March on we did. The community had set up a beautiful welcome for us where we were bestowed a kantu over our necks and arranged ourselves in the shade for the next phase. Turns out it was shopping and then also a lunch! The textiles on display were handmade by the community and the prices reflected this (as they should). If I wasn’t a student my wallet may have been as hungry as my eyes. Lunch was brought out wrapped in a red, white and black blanket which contrasted beautifully with the green grass and the mysterious sauce that I could put on anything. The bundle contained aforementioned roasted potatoes, fava beans, loose corn and a complement of farmers cheese (almost certainly not pasteurized). But the fun didn’t stop there! The cooks brought out a delicious potato soup. Our guide told us that apparently limeños look down on a soup like this since it’s “poor food”. Well, so was whole wheat and so was quinoa until people decided it was healthy. In bears to mention, at this point our group had had a great casualty. Our fearless and otherwise seemingly indestructible (see diet of cigarettes, Inca Kola, and various manifestations of alcohol) leader had fallen. It didn’t seem to be the roads at fault, maybe the altitude or the 24 flu that everyone seemed to be getting or maybe a combination of all 3 and a brief involvement in the day’s field tilling. Nevertheless we persisted. Lunch lasted 2 hours? Kerri told us this was quite normal for when visitors come to the village. Finally, we had a demonstration of the textiles and the weaving processes. We learned that the women learn the craft very early in their life not only as an occupation but as a way of life. It is a way to foster community, the women sit together and talk and care for the children while the men farm etc. she also told us that often the Andean women are extremely adept at mathematics because of the thread counting, even more so than non-Andean students. 3 cheers for women in STEM!

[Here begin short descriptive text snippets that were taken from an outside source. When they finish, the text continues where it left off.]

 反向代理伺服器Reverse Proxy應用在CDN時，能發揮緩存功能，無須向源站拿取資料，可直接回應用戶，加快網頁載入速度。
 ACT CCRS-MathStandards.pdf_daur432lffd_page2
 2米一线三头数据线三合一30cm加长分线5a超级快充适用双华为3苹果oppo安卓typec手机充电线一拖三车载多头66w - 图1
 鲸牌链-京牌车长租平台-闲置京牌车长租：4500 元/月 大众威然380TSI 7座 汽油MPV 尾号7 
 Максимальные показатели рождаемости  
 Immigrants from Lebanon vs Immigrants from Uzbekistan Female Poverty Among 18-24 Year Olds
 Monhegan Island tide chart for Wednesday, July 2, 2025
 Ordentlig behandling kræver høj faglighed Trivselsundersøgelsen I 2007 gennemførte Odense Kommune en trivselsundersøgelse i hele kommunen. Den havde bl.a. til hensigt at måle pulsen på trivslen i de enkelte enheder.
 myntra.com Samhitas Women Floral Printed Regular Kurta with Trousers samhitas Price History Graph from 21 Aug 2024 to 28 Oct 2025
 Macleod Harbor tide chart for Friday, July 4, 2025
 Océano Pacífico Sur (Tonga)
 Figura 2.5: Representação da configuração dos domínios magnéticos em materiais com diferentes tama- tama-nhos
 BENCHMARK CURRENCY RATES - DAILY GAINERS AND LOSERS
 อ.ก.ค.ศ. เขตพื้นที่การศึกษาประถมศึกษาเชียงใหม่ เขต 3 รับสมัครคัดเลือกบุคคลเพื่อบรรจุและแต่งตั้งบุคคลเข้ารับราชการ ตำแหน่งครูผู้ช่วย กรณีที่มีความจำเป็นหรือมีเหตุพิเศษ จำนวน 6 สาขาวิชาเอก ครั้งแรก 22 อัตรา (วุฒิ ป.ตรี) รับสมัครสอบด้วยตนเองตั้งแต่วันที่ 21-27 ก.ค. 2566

There was a bit more shopping and a bit more music and a bit more dancing and that was the whole day. I think it’s good we went. Did we get what we came for? I don’t know. I guess I didn’t have any expectations really but I wished there was more information presented. Plowing a field is cool and all but some more context and explanation would’ve enriched the experience. Maybe that’s antithetical to what they’re trying to present to us though.

I wonder the impact the rolling door of foreigners has on the children, children living in a community which is priding itself on remaining unaffected by a western lifestyle. What impact do trips like this have on the youngest?

4 replies on “We came, we saw, it was traditional af?”

Great blog post, Morgan! Well, look at you getting a head start so that you can live your best life blog-free, of course, getting your 4 hours of reading done. I had not given it much thought to how the children might be affected by the rolling tourists coming in and out of the community. I do remember someone from our group was playing some kid’s programming in Spanish on their phones. Is this something the parents want for them? I am not sure. Although I am sure, it wasn’t that big of a deal.

Morgan, I love your voice!

“We found out later the village takes turns plowing and tending to each other’s fields when necessary, an example of the Incan theory of reciprocity we have heard about in IGV and Guaman Poma. Little did we know we were about to reciprocate.”

You have great comic timing–I could single out so many more quotes. The sauce was, indeed, mysterious.

If not through personal interactions, I would hope that the money tourists bring goes to support the kids. I am confident that some people in our group were a good influence on the kids, but I cannot say the same for other groups. I am skeptical of the community being advertised as unaffected by Western life.